**HOW TO COMPLETE THIS TASK**
Leave every picture out and return the rest of the listing verbatim.

**DATASET EXTRACT**
···

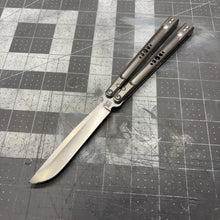 Load image into Gallery viewer, Revolution v2 Balisong - Hand-Ground Hollow Grind - AEB-L Stainless Blade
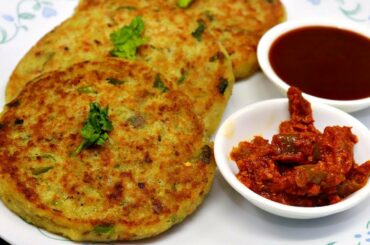 कम तेल में बिल्कुल नया आलू सूजी से टेस्टी नाश्ता बनाये |Easy Suji ka Nasta -Healthy Breakfast Recipe
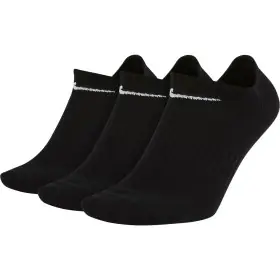 Nike Dri-Fit No Show Sokker 3pk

···

**COMPLETED EXERCISE**
 Load image into Gallery viewer, Revolution v2 Balisong - Hand-Ground Hollow Grind - AEB-L Stainless Blade
 कम तेल में बिल्कुल नया आलू सूजी से टेस्टी नाश्ता बनाये |Easy Suji ka Nasta -Healthy Breakfast Recipe
 Nike Dri-Fit No Show Sokker 3pk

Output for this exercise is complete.